= Beginning of Section =
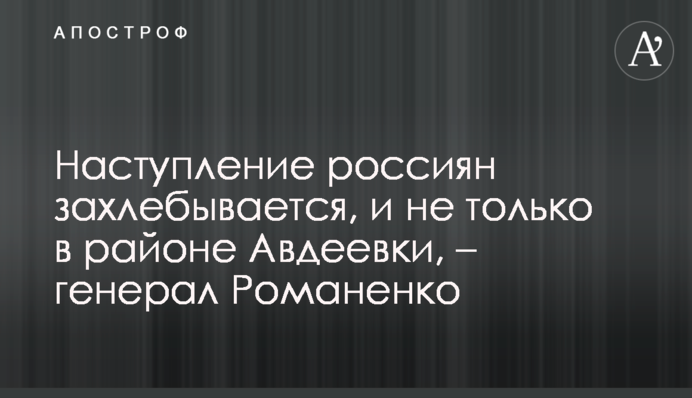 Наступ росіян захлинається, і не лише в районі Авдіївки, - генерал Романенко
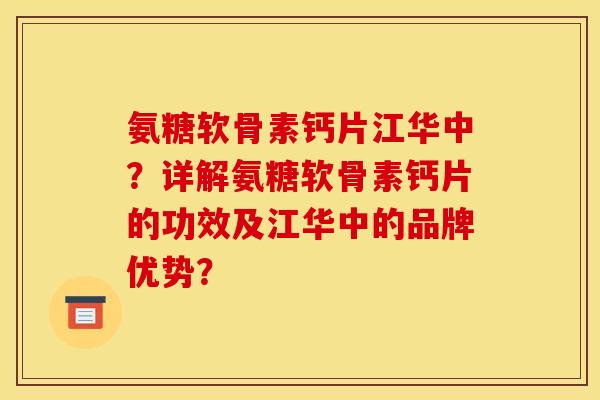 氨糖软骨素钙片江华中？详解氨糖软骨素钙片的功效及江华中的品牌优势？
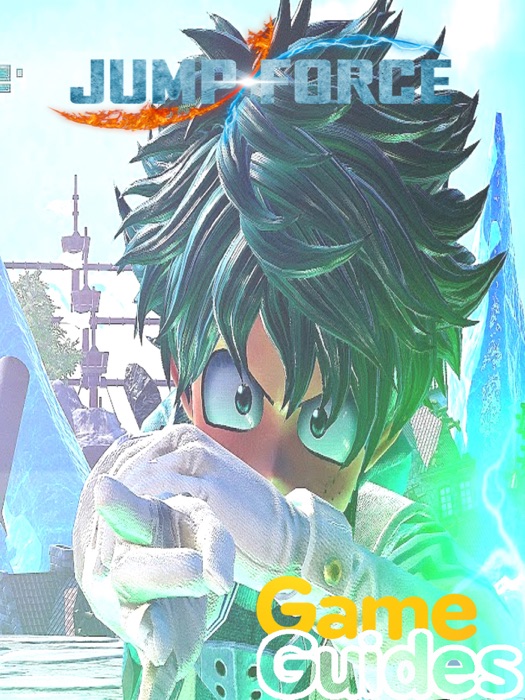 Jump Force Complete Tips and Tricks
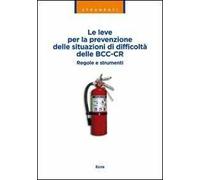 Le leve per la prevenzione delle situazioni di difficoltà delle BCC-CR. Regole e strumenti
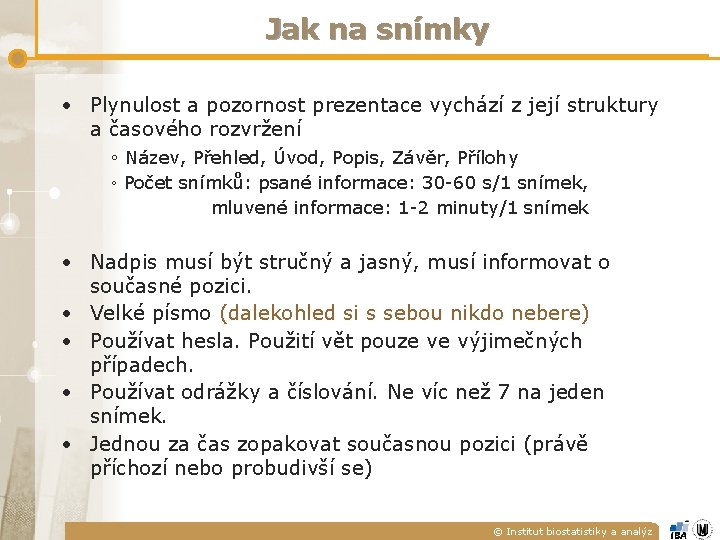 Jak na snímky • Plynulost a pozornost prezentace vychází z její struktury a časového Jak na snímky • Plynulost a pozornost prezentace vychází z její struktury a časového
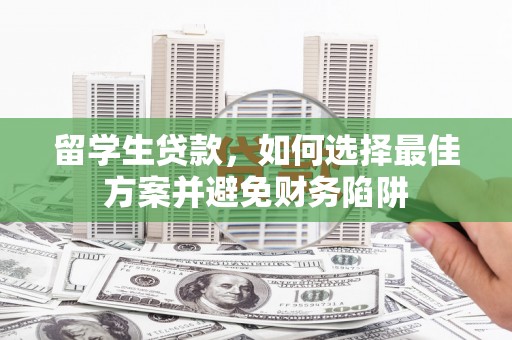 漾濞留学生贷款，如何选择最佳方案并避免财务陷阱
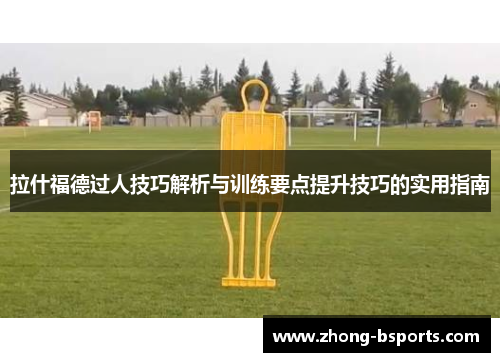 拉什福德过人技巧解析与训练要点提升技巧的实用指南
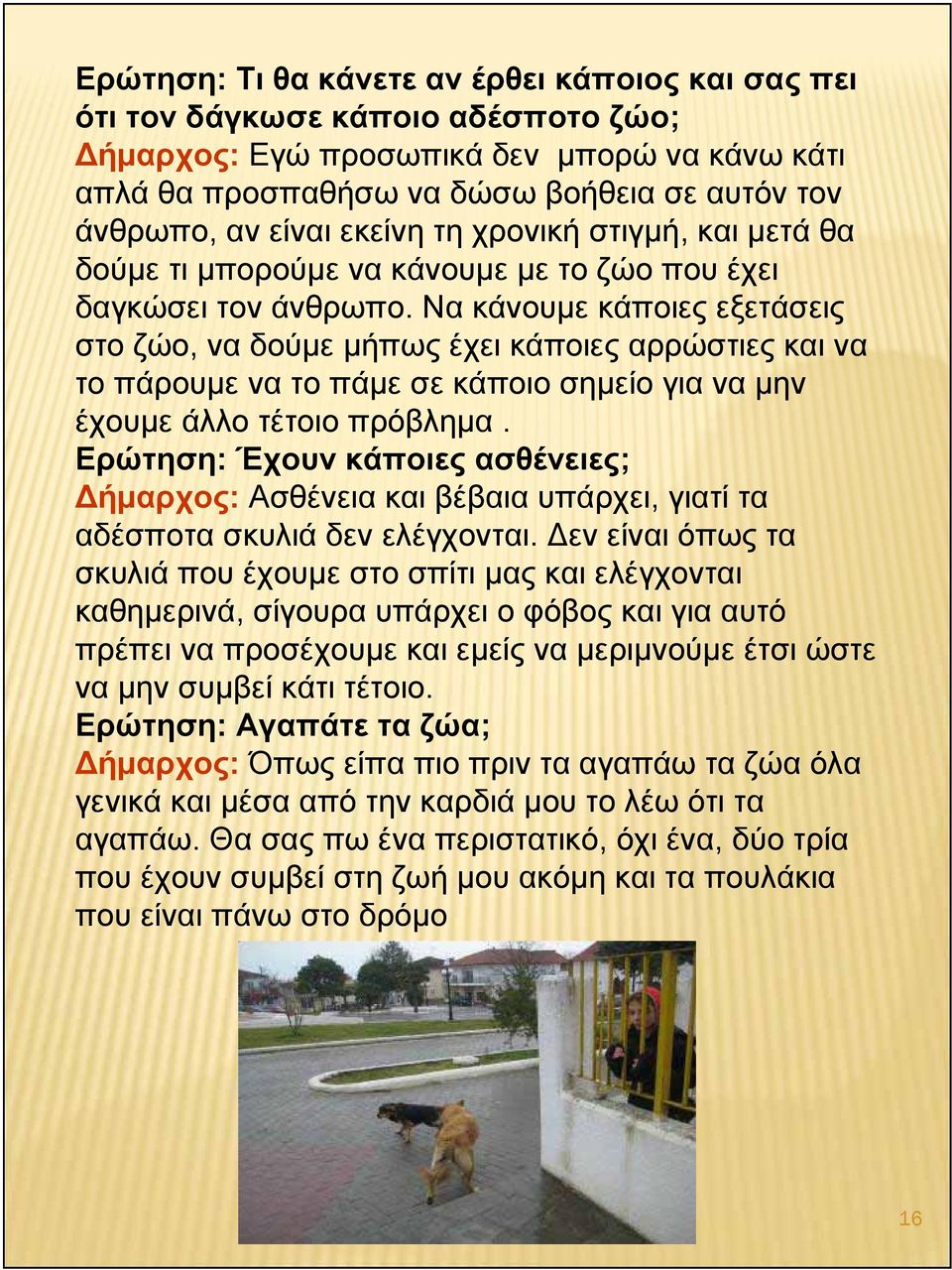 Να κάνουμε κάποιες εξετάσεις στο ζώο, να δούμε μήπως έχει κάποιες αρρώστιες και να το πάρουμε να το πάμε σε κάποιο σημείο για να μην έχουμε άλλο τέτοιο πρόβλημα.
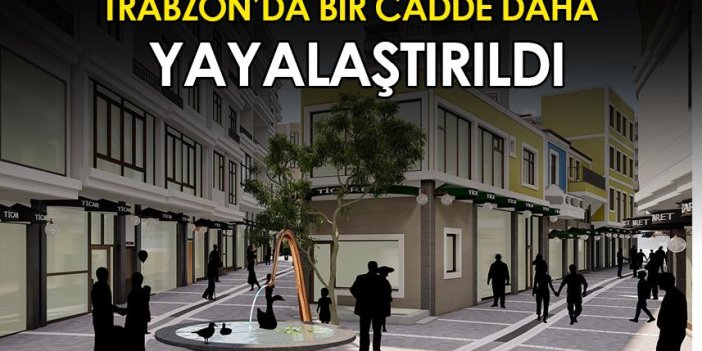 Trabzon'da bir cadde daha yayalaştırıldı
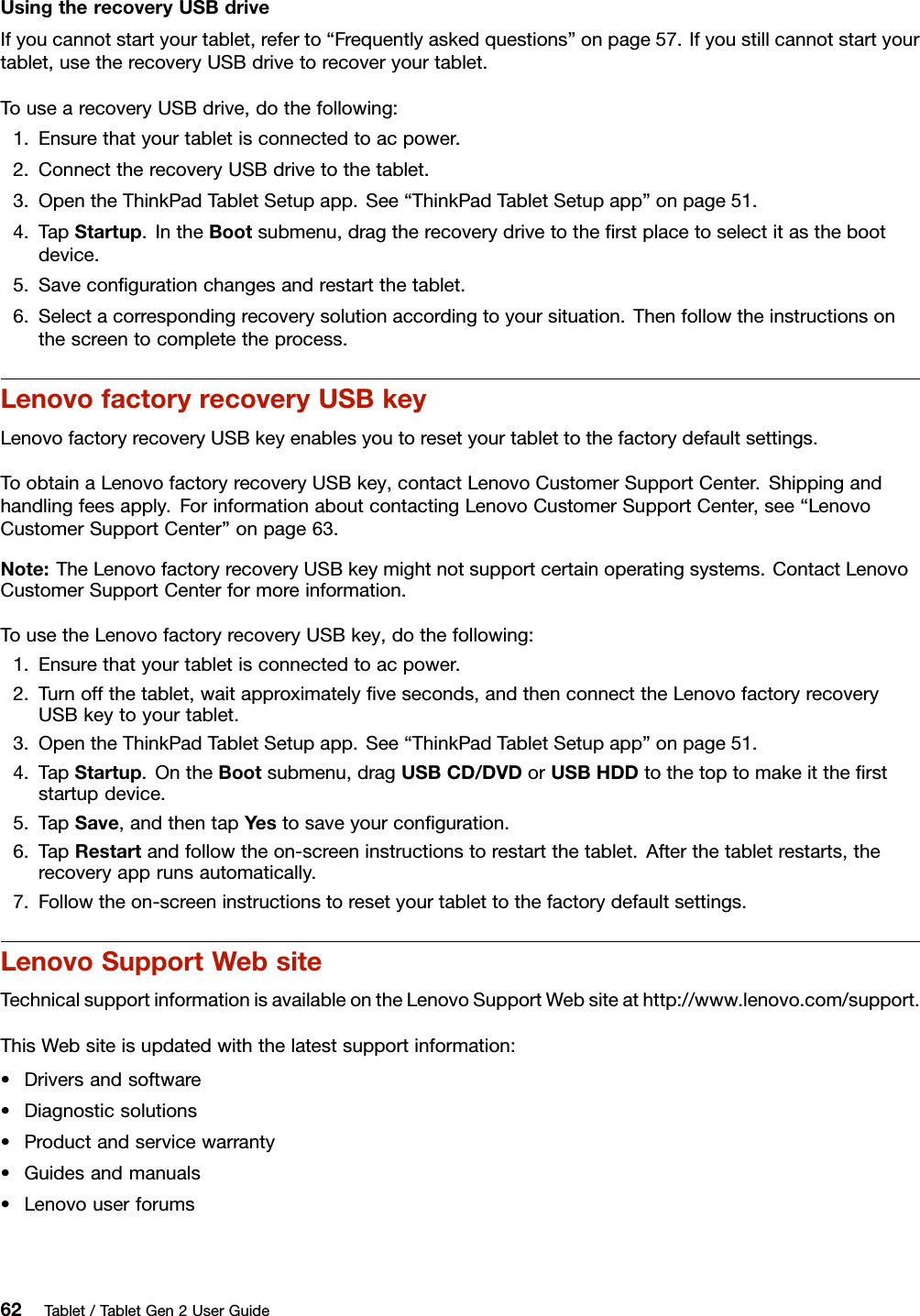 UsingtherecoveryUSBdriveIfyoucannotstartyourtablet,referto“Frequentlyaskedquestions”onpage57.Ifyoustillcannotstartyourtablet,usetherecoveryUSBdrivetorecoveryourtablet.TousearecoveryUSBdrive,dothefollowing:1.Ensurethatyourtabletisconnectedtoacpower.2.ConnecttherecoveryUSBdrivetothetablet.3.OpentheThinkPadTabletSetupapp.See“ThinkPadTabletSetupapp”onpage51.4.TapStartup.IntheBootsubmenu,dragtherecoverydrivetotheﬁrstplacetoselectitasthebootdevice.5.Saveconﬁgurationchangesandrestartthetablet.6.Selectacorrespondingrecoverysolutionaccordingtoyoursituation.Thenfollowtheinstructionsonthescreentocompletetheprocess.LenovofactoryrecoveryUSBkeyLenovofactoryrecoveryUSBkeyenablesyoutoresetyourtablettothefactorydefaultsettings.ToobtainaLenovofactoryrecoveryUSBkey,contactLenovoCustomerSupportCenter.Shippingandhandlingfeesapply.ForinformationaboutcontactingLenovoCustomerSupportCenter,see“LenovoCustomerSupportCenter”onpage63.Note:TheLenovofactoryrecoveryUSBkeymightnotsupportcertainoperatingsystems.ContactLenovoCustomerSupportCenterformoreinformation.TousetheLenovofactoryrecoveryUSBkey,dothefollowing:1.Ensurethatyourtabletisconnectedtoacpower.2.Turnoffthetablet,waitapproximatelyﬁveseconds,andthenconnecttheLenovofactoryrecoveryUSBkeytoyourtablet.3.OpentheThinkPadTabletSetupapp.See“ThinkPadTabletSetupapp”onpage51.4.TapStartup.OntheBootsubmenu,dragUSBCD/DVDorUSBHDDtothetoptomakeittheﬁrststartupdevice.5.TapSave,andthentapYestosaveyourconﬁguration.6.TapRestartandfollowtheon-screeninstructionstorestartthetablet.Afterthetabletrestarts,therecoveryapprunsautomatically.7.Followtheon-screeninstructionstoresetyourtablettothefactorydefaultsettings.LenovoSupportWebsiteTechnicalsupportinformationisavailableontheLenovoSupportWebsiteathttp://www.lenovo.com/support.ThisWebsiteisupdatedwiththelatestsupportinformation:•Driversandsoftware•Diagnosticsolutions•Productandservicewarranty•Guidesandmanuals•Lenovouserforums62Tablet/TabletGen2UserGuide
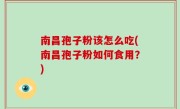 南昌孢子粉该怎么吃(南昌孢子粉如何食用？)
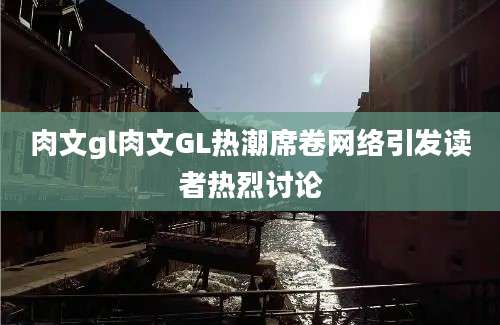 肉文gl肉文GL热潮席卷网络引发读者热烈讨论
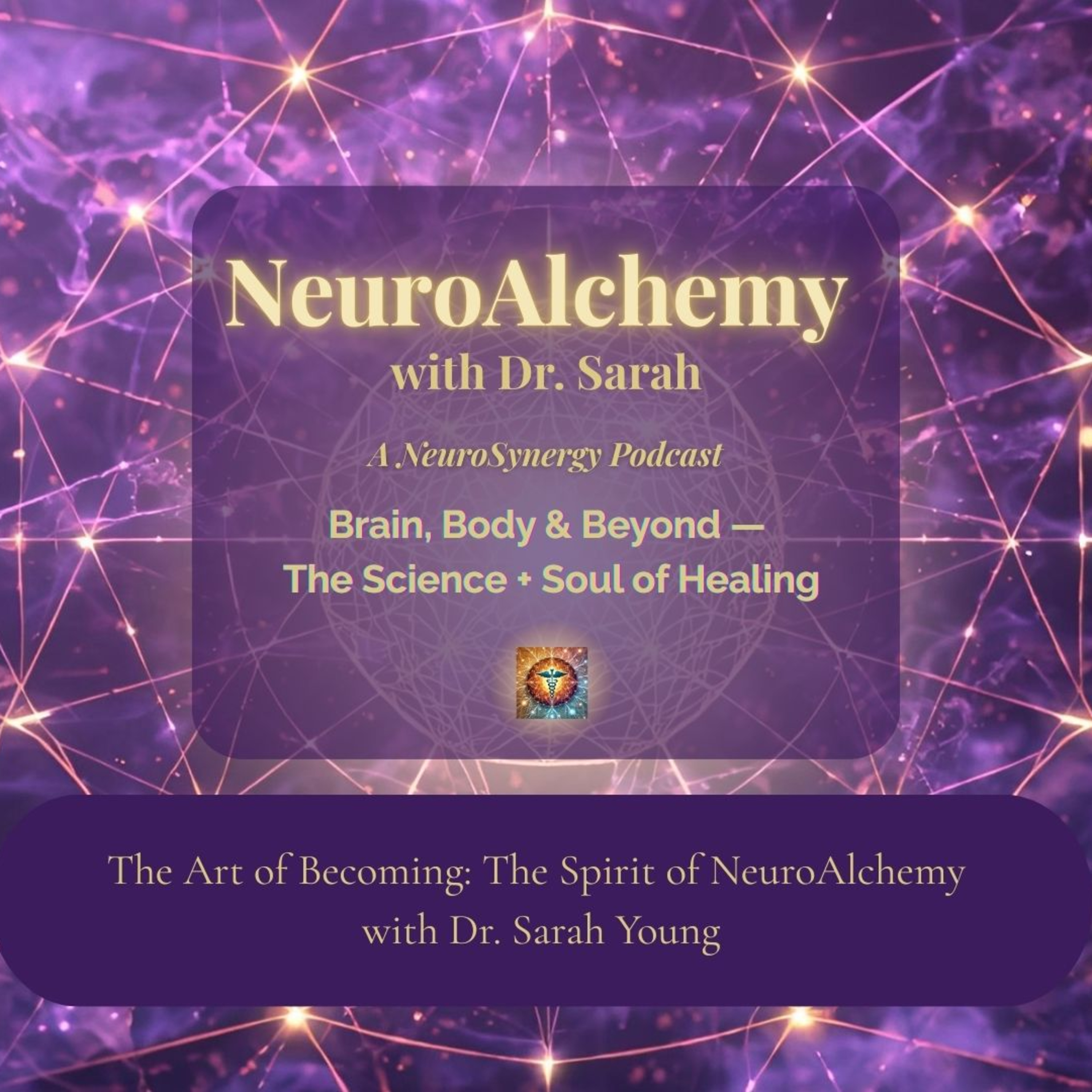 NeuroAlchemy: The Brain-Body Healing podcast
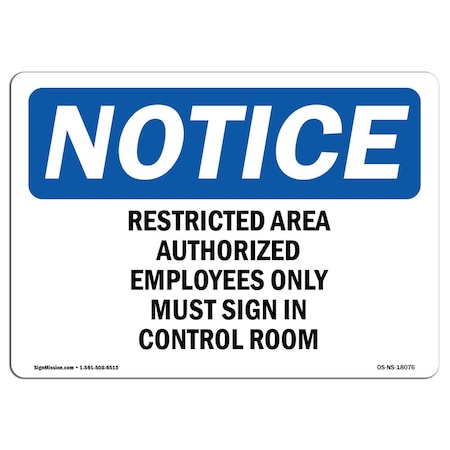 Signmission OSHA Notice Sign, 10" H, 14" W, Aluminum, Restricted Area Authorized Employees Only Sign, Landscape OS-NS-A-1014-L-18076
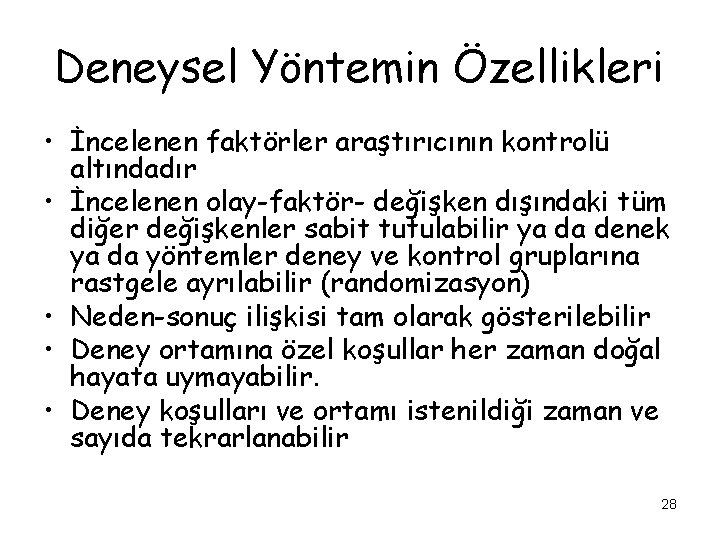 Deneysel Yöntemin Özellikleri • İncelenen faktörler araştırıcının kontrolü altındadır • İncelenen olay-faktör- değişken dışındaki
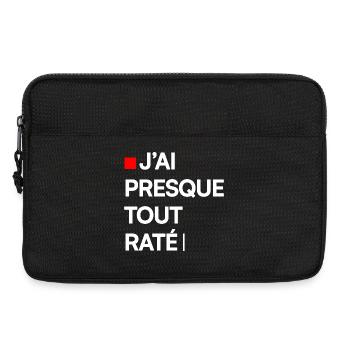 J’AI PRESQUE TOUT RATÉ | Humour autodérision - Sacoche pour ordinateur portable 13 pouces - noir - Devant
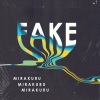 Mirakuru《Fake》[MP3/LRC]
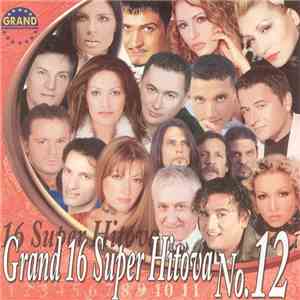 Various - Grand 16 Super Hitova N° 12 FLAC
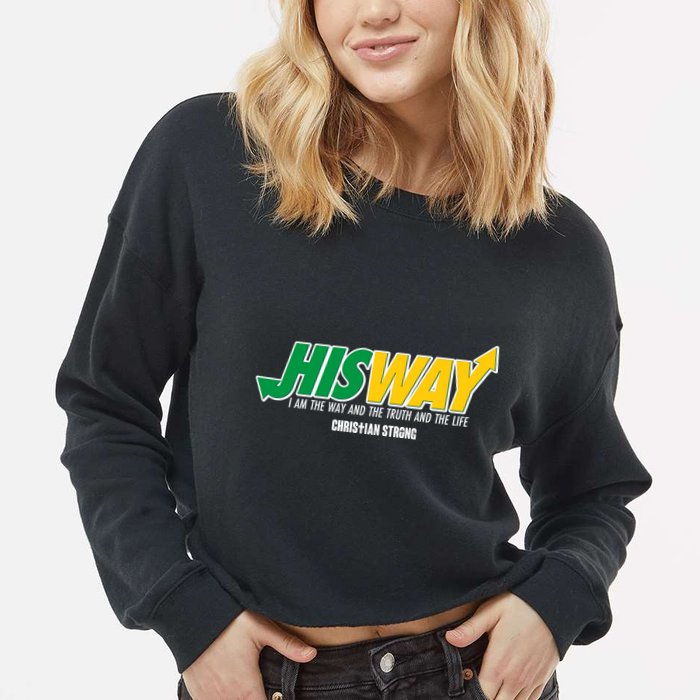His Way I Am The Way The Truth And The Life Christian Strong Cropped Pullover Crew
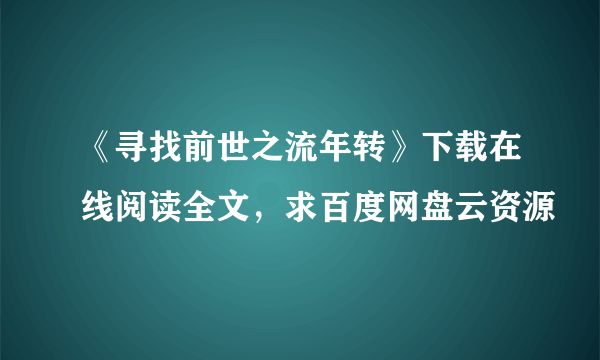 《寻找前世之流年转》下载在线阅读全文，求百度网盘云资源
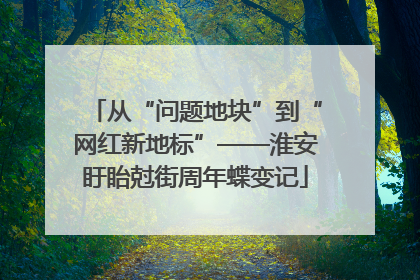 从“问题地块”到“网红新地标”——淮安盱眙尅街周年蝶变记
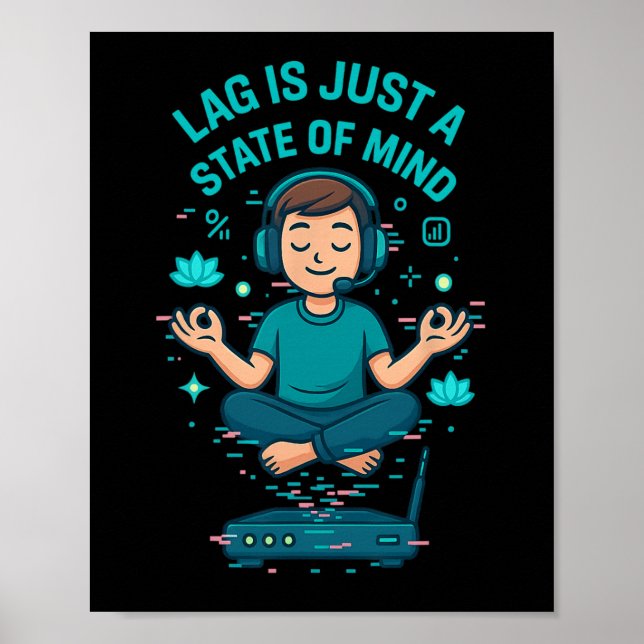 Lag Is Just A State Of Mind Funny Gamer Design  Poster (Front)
= End of Section =
- WHAT YOU NEED TO DO -
Which lines run from the one containing "J’AI PRESQUE TOUT" to the end of the entries above? Write them out exactly, leaving out every picture.

- SOLVED PROBLEM -
 J’AI PRESQUE TOUT RATÉ | Humour autodérision - Sacoche pour ordinateur portable 13 pouces - noir - Devant
 Mirakuru《Fake》[MP3/LRC]
 Various - Grand 16 Super Hitova N° 12 FLAC
His Way I Am The Way The Truth And The Life Christian Strong Cropped Pullover Crew
 《寻找前世之流年转》下载在线阅读全文，求百度网盘云资源
 从“问题地块”到“网红新地标”——淮安盱眙尅街周年蝶变记
 Lag Is Just A State Of Mind Funny Gamer Design  Poster (Front)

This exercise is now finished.